#### Records supplied

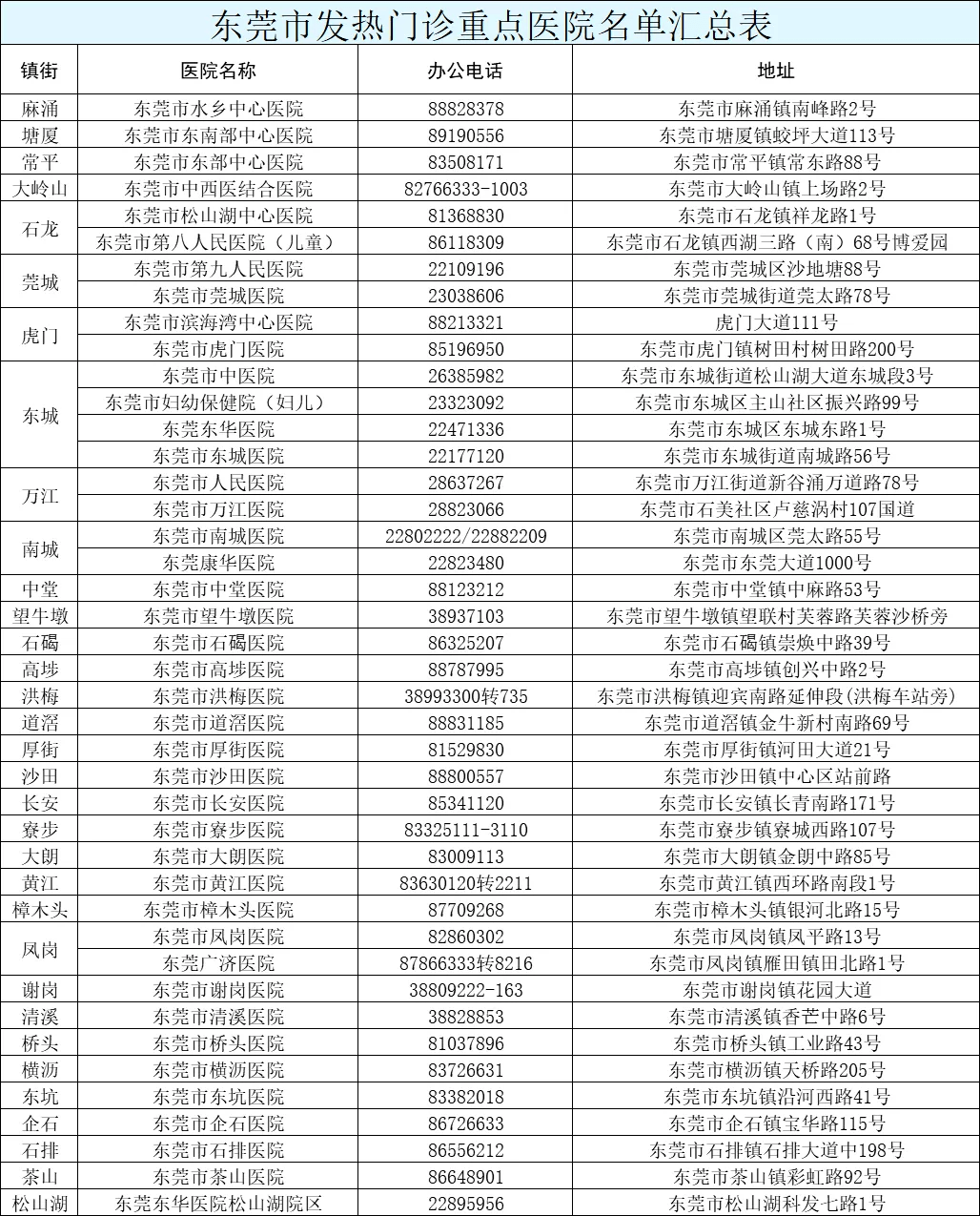 2025新澳門今晚開特馬直播，澳門特馬直播預(yù)告，揭秘今晚開獎(jiǎng)懸念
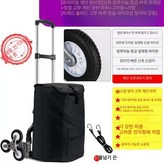 강화 알루미늄 휠 프레임 고무 소음 계단 × 1개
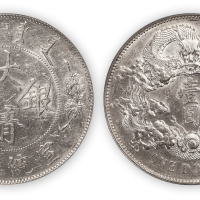 宣统三年大清银币壹圆一枚，PCGS AU55,金盾
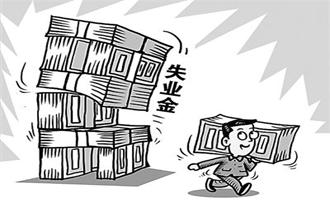 宁波市失业保险领取标准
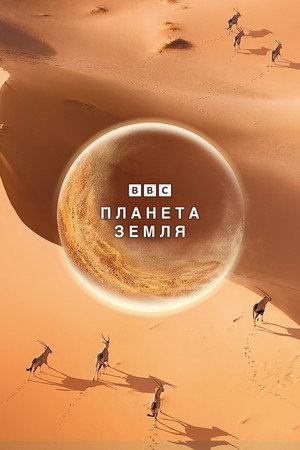Bolygónk, a Föld poszter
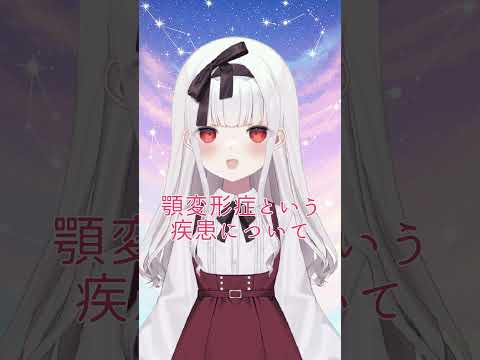 thumbnail_J69F1f0p83s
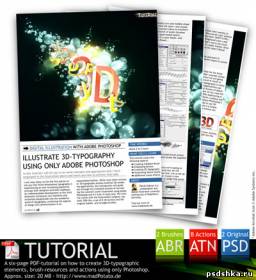 Стили и градиенты - 3D-эффекты Опечатка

#### Task to complete
From the first record above to the last, output each one exactly and omit the pictures.

#### Task response
 2025新澳門今晚開特馬直播，澳門特馬直播預(yù)告，揭秘今晚開獎(jiǎng)懸念
 강화 알루미늄 휠 프레임 고무 소음 계단 × 1개
 宣统三年大清银币壹圆一枚，PCGS AU55,金盾
 宁波市失业保险领取标准
Bolygónk, a Föld poszter
 thumbnail_J69F1f0p83s
 Стили и градиенты - 3D-эффекты Опечатка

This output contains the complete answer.